Aturan ini berbenturan dengan PBI
No 14/26/PBI/2012 tentang Kegiatan Usaha dan Jaringan Kantor Berdasarkan Modal
Inti Bank, yang menyebutkan bank bermodal kurang dari Rp1 triliun alias masuk
kategori BUKU 1, belum diperkenankan mengembangkan layananinternet banking. Dikonfirmasi mengenai hal ini,
Direktur Penelitian dan Pengaturan Perbankan OJK Gandjar Mustika menolak
anggapan bahwa POJK Laku Pandai berbenturan dengan Peraturan Bank Indonesia.

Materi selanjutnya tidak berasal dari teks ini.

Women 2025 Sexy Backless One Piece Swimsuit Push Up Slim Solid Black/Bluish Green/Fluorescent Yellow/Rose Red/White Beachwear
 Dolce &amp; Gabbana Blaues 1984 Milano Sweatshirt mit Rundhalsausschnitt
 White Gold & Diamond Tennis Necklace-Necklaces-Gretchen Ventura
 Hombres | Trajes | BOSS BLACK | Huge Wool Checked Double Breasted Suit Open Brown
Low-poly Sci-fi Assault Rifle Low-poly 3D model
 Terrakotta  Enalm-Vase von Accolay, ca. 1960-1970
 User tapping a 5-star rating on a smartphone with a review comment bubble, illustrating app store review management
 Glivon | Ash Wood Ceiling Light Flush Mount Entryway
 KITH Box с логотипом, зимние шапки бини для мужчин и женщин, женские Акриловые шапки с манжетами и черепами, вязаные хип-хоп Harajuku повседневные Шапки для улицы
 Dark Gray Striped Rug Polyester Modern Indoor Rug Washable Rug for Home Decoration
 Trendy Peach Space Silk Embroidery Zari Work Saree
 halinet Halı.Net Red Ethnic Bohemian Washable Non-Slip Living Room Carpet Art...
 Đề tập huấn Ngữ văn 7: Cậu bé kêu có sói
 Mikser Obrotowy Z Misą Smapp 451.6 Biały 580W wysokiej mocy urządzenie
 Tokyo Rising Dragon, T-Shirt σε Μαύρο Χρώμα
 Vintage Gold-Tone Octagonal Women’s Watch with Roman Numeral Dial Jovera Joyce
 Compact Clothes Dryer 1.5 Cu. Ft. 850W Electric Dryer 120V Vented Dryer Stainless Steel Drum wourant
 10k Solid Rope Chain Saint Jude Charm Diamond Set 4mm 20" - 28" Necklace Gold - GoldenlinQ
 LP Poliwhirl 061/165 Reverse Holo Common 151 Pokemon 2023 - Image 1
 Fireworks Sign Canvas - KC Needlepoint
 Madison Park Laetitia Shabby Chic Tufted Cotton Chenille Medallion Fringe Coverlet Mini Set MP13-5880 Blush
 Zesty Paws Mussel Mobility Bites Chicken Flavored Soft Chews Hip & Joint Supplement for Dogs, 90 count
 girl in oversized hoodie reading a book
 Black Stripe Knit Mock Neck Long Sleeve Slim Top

Menurutnya, aturan baru yang dirilis OJK sengaja dibuat lebih longgar untuk
mengakomodasi perkembangan industri perbankan di masa mendatang. OJK, sebagai otoritas yang
membawahkan tak hanya pengaturan dan pengawasan perbankan, juga harus
menyelaraskan aturan branchless banking dengan aturan di
bidang industri asuransi, multifinance, dan industri jasa keuangan lainnya.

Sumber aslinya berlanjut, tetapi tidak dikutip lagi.